Tseng Mu-Ruei, Vyas Kathan, Das Anurag, Quamer Waris, Dave Darpit, Erranguntla Madhav, Villegas Carolina, DeSalvo Daniel, McKay Siripoom, Cote Gerard, Gutierrez-Osuna Ricardo
Department of Computer Science and Engineering, Texas A&M University, College Station, TX, USA.
Department of Industrial and Systems Engineering, Texas A&M University, College Station, TX, USA.
J Diabetes Sci Technol. 2025 Feb 25:19322968251319347. doi: 10.1177/19322968251319347.
Current methods to detect hypoglycemia in type 1 diabetes (T1D) require invasive sensors (ie, continuous glucose monitors, CGMs) that generally have low accuracy in the hypoglycemic range. A forward-looking alternative is to monitor physiological changes induced by hypoglycemia that can be measured non-invasively using, eg, electrocardiography (ECG). However, current methods require extraction of fiduciary points in the ECG signal (eg, to estimate QT interval), which is challenging in ambulatory settings.
To address this issue, we present a machine-learning model that uses (1) convolutional neural networks (CNNs) to extract morphological information from raw ECG signals without the need to identify fiduciary points and (2) ensemble learning to aggregate predictions from multiple ECG beats. We evaluate the model on an experimental data set that contains ECG and CGM recordings over a period of 14 days from ten participants with T1D. We consider two testing scenarios, one that divides ECG data according to CGM readings (CGM-split) and another that divides ECG data on a day-to-day basis (day-split).
We find that models trained using CGM-splits tend to produce overly optimistic estimates of hypoglycemia prediction, whereas day-splits provide more realistic estimates, which are consistent with the intrinsic accuracy of CGM devices. More importantly, we find that aggregating predictions from multiple ECG beats using ensemble learning significantly improves predictions at the beat level, though these improvements have large inter-individual differences.
Deep learning models and ensemble learning can extract and aggregate morphological information in ECG signals that is predictive of hypoglycemia. Using two validation procedures, we estimate an upper bound on the accuracy of ECG hypoglycemia prediction of 81% equal error rate and a lower bound of 60%. Further improvements may be achieved using big-data approaches that require longitudinal data from a large cohort of participants.
目前检测1型糖尿病(T1D)低血糖的方法需要使用侵入性传感器(即连续血糖监测仪,CGM),而这些传感器在低血糖范围内的准确性通常较低。一种前瞻性的替代方法是监测由低血糖引起的生理变化,这些变化可以使用例如心电图(ECG)进行非侵入性测量。然而,目前的方法需要提取ECG信号中的基准点(例如,估计QT间期),这在动态环境中具有挑战性。

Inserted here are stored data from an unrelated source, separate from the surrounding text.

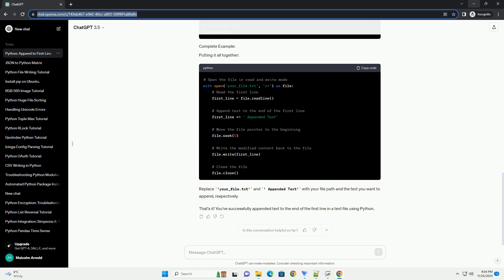Use the write method to overwrite the first line with the modified content. Finally, close the file to ensure that all changes are saved.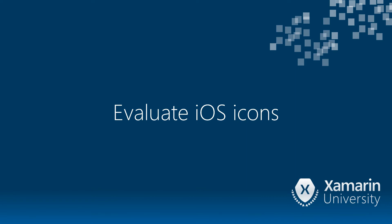In this video we're going to look at iOS icons. These seemingly simple images actually have a huge impact on your application. They're the visual representation of your app and the first point of contact that your user has with your application.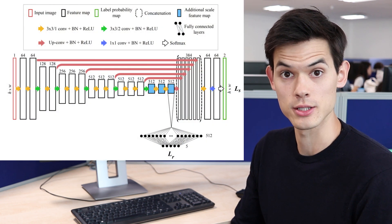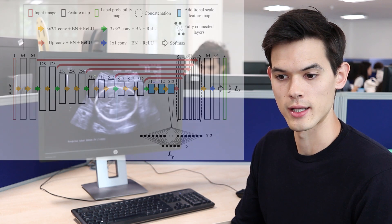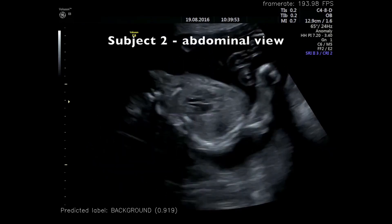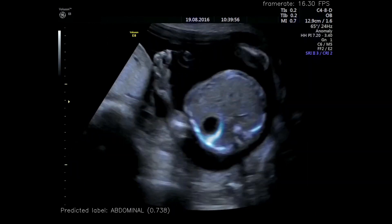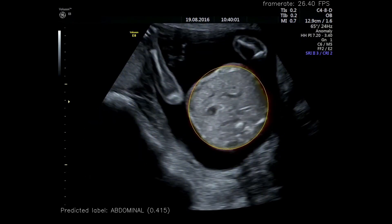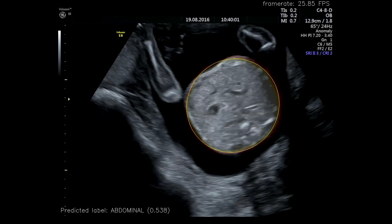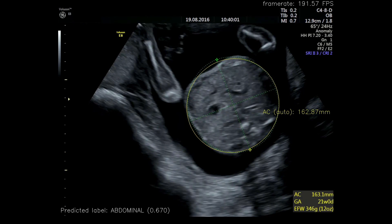We're using a fully convolutional network which gives a pixel-wise segmentation of an image. We've trained it to identify as foreground either the region within the abdomen or the region within the head — there are two separate models. Once we have that region, there's a simple ellipse fitting step which can be applied in real time to these segmentations in order to fit an ellipse and make the measurement that a clinician would typically make using a tool as part of their imaging suite.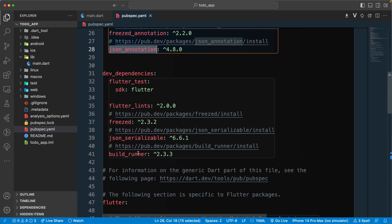That will be all for this lesson. We created our Flutter project and added all the necessary dependencies. In the next lecture we'll do something more interesting — we'll be configuring the Material theme. Till then, have a great day!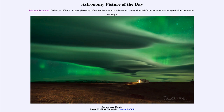Except in areas where it's a little bit brighter and fades out the stars slightly, we can easily see stars through the aurora, whereas we cannot see them through clouds.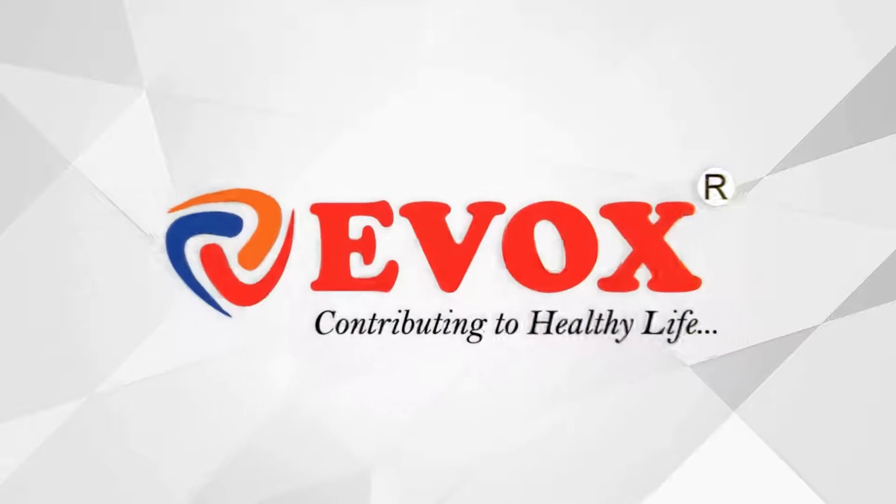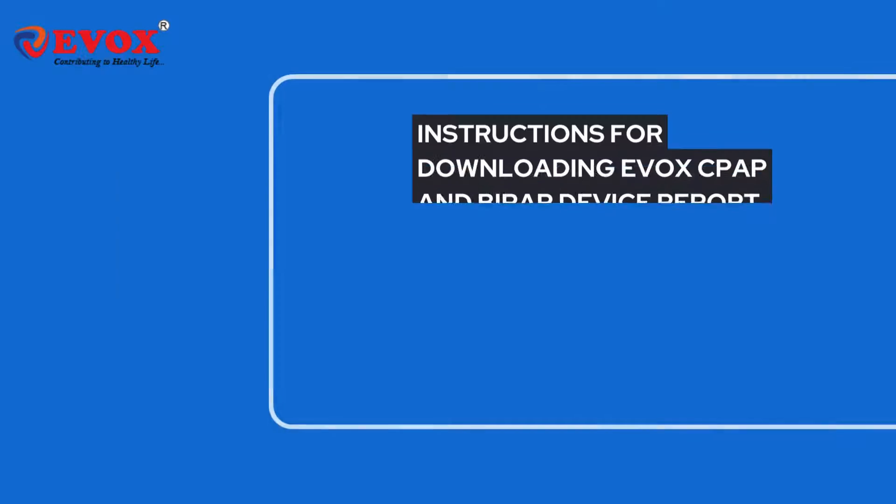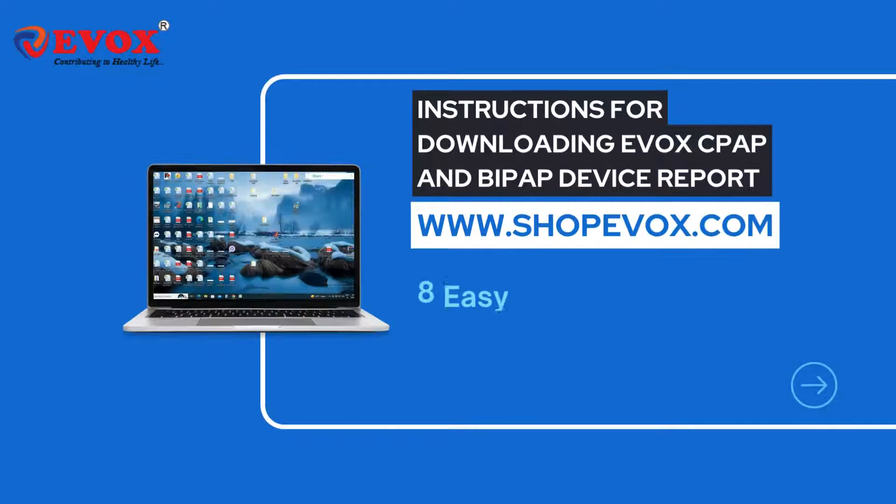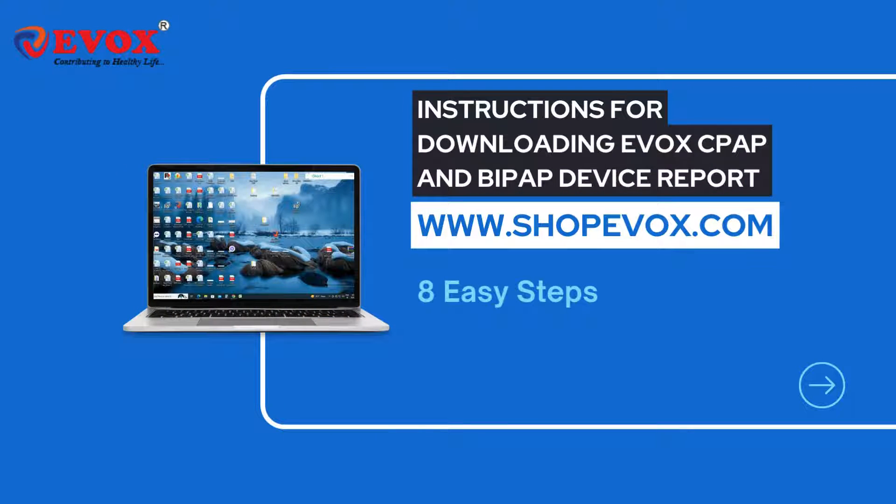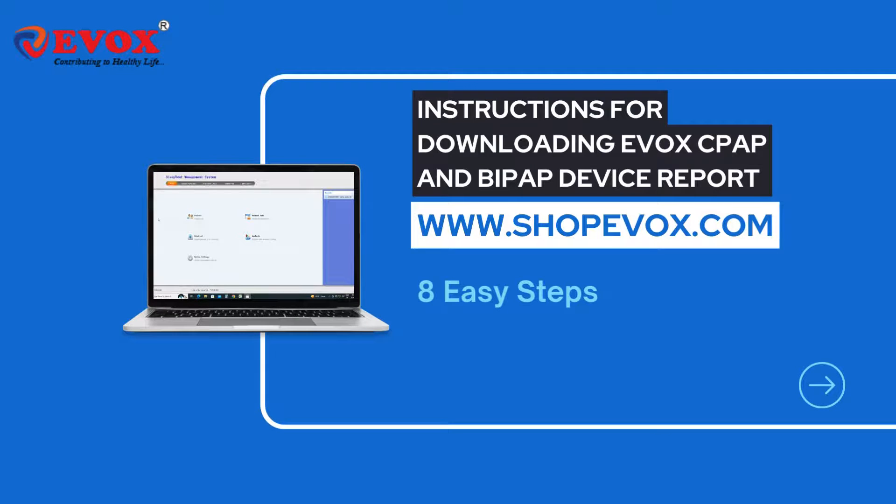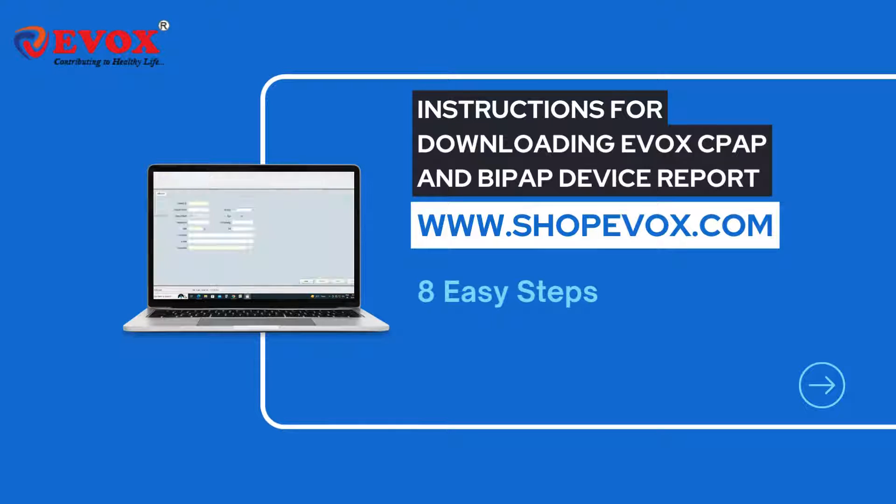Today, we will guide you through the process of downloading the report for Evox CPAP and BiPAP devices. Visit our company website, shopfox.com, where you can find an online link for the software download and a QR scan code.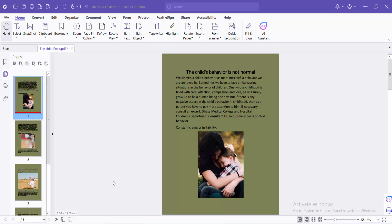Hello everyone. Today I will show you how to change a PDF file background color using Foxit PDF editor.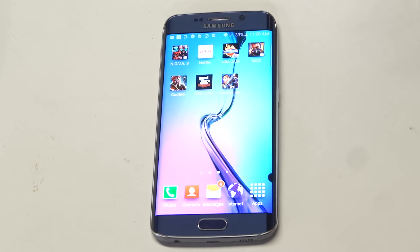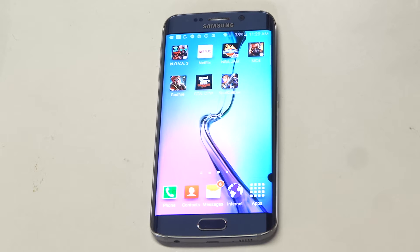What's up you guys? Adia Flipronics. Going to be giving you guys a quick tip for blocking spam email addresses on your Samsung Galaxy S6 Edge.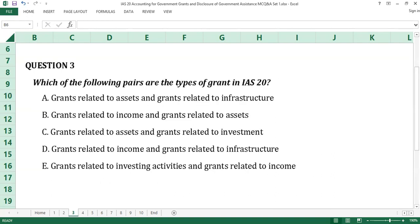Question number three. Which of the following pairs are the types of grants in IAS 20? A. Grants related to assets and grants related to infrastructure. B. Grants related to income and grants related to assets. C. Grants related to assets and grants related to investment. D. Grants related to income and grants related to infrastructure. E. Grants related to investing activities and grants related to income.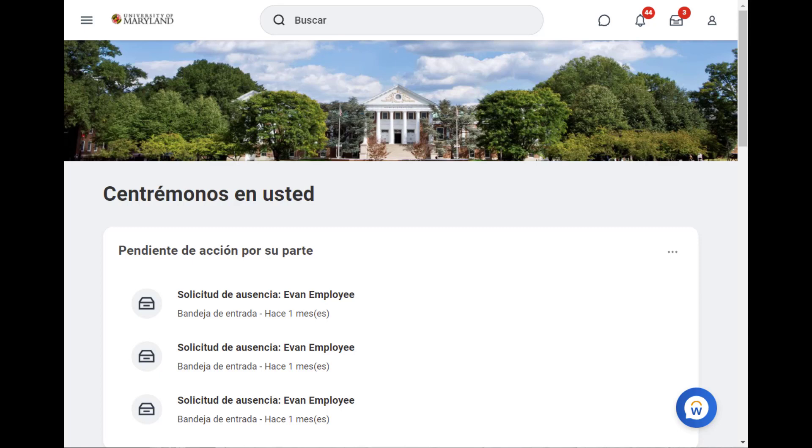All translations are Workday-provided translations. All UMD-specific content will remain in English. Thank you for learning how to change your display language preference in Workday.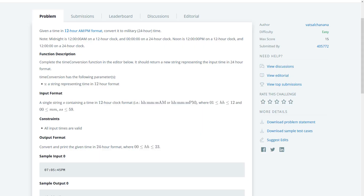Good evening and welcome to another HackerRank warm-up video. This is the time conversion problem. We're given a time in 12-hour AM/PM format and we have to convert it to military 24-hour time.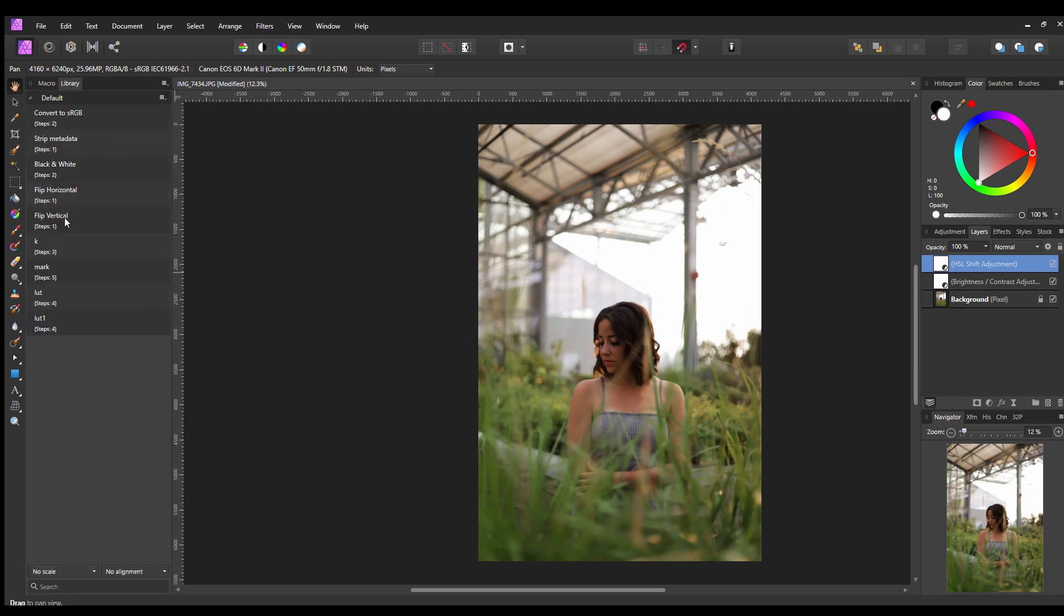So here are a couple of the macros that are already on it and a couple that I made. So here's LUT1 that I made. Next thing you want to do is go to file, go to new batch job, go to add, and find the photos that you want. So there's the photos that I want to get done.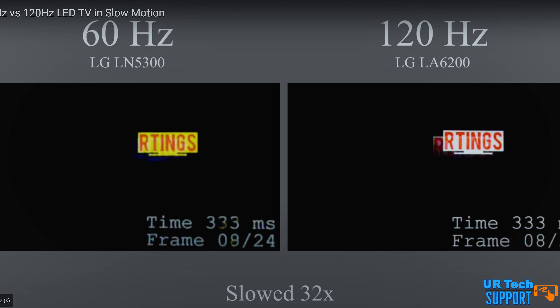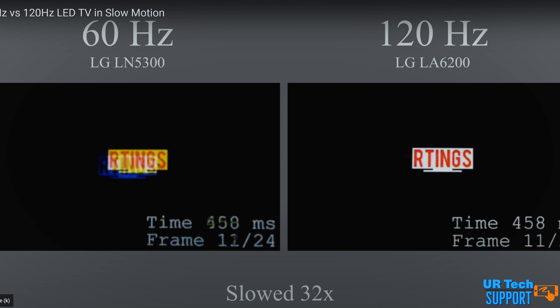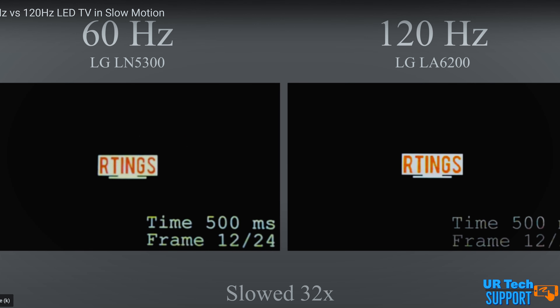So what is 120Hz refresh rate anyway, and what's the benefit? Basically, 120Hz simply means the image refreshes 120 times per second on the screen. What this does is give you the effect of more realistic motion — a fluid, smoother motion when you're scrolling, playing a game, or watching a movie if it's configured specifically for a higher refresh rate.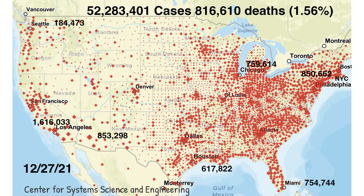Here is the United States map for December 27, 2021, from the Center of Systems Science and Engineering. The total case count in the U.S. has risen from 32.5 million in May to 52 million, and deaths from COVID-19 are now 800,000. The U.S. represents 4% of the world's population, yet we have over 18% of the world's cases and 15% of the deaths due to COVID-19.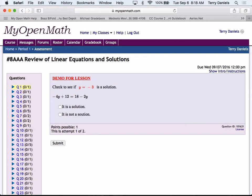So in this problem in particular, what you're trying to do — and most of you are very aware of this — is you're going to substitute the value y equals negative 3 in for y here and in for y there, and see if it makes a true statement. Can all of you do that, please?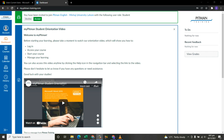You have been invited to join Pittman Englishman Harge University of Lahore with the following user role: student. To proceed, you have to accept and activate the course. If you decline the course, your course will be deactivated after two weeks.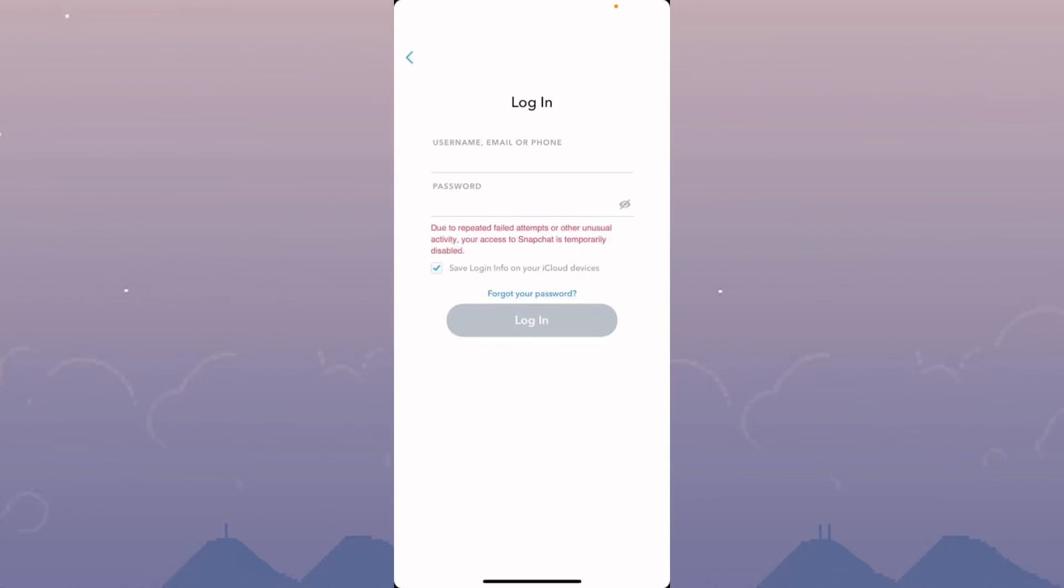Hello everyone and welcome back to my YouTube channel. In this video I'm going to show you how you can fix Snapchat when you get the error: 'Due to repeated failed attempts or other unusual activity, your access to Snapchat is temporarily disabled.'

为了解决这个问题,我们提出了一种机器学习模型,该模型使用(1)卷积神经网络(CNN)从原始ECG信号中提取形态学信息,而无需识别基准点,以及(2)集成学习来汇总来自多个ECG心跳的预测。我们在一个实验数据集上评估该模型,该数据集包含来自10名T1D参与者的14天内的ECG和CGM记录。我们考虑两种测试场景,一种是根据CGM读数划分ECG数据(CGM分割),另一种是按天划分ECG数据(日分割)。
我们发现,使用CGM分割训练的模型往往会对低血糖预测产生过于乐观的估计,而日分割则提供了更现实的估计,这与CGM设备的固有准确性一致。更重要的是,我们发现使用集成学习汇总来自多个ECG心跳的预测在心跳水平上显著提高了预测,尽管这些改进存在较大的个体差异。
深度学习模型和集成学习可以提取和汇总ECG信号中预测低血糖的形态学信息。使用两种验证程序,我们估计ECG低血糖预测准确性的上限为81%等错误率,下限为60%。使用需要来自大量参与者队列的纵向数据的大数据方法可能会实现进一步的改进。